- [Brief]: Below are the entries; give again exactly the lines from the one mentioning "Load image into" through the one mentioning "Bureaux modernes ou", inclusive.

- [Records]:
◇ ◇ ◇
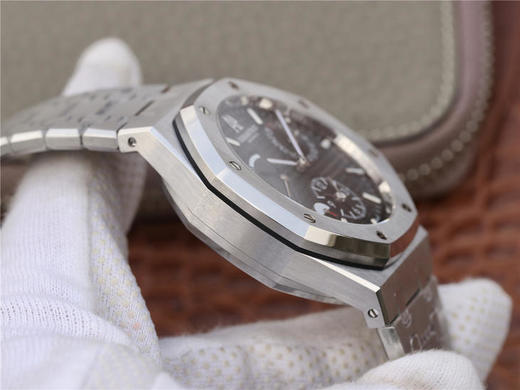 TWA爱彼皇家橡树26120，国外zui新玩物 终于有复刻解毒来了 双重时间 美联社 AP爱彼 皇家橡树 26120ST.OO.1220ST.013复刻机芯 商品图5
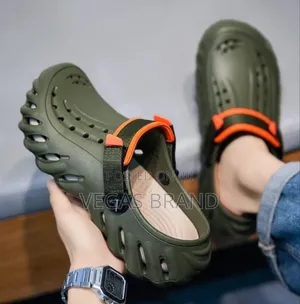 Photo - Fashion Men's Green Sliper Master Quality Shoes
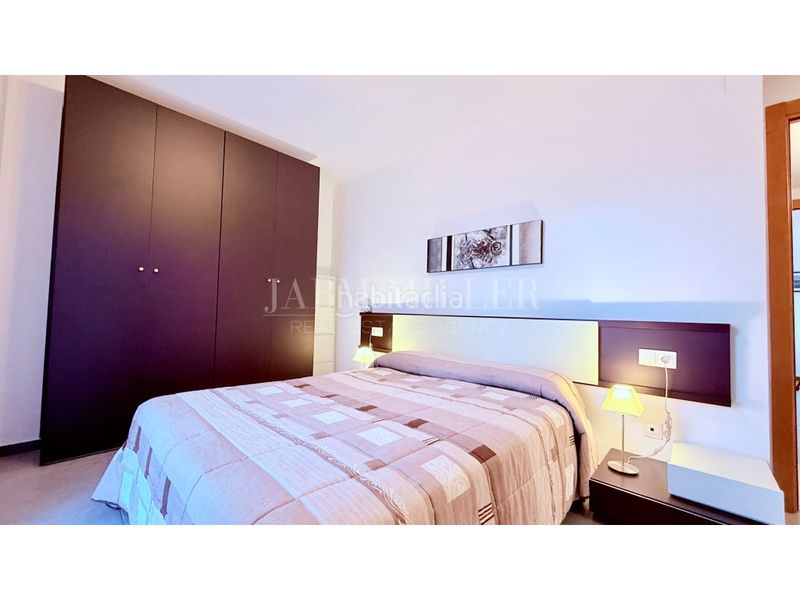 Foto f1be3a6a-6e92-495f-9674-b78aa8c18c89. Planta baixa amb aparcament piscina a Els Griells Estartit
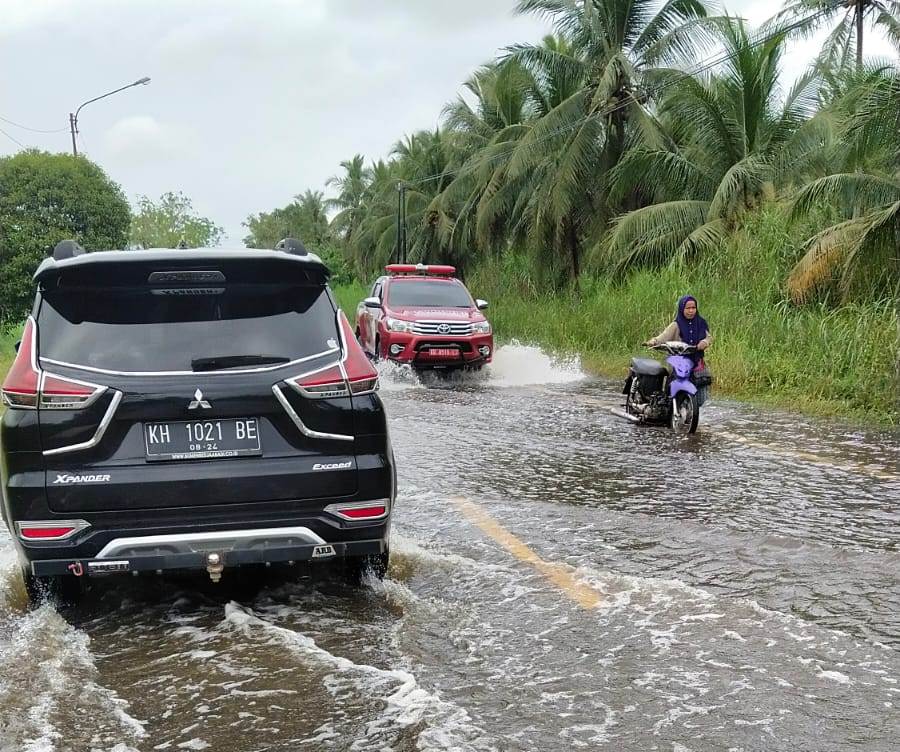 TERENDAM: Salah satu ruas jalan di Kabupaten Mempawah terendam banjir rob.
◇ ◇ ◇
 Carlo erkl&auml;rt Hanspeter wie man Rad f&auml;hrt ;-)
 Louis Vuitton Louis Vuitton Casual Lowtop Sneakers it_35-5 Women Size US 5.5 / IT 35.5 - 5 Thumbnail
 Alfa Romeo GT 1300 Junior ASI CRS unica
◇ ◇ ◇
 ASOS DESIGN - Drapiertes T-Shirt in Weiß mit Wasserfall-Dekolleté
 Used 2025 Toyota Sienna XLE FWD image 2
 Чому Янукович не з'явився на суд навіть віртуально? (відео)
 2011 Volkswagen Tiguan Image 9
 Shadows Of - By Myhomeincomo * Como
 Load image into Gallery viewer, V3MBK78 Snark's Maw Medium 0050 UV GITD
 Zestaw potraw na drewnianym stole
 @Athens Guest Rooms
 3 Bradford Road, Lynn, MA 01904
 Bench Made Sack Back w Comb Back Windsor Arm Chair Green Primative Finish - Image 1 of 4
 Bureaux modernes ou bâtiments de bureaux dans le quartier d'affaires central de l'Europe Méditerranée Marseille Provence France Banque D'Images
◇ ◇ ◇
- [Response area]:
 Load image into Gallery viewer, V3MBK78 Snark's Maw Medium 0050 UV GITD
 Zestaw potraw na drewnianym stole
 @Athens Guest Rooms
 3 Bradford Road, Lynn, MA 01904
 Bench Made Sack Back w Comb Back Windsor Arm Chair Green Primative Finish - Image 1 of 4
 Bureaux modernes ou bâtiments de bureaux dans le quartier d'affaires central de l'Europe Méditerranée Marseille Provence France Banque D'Images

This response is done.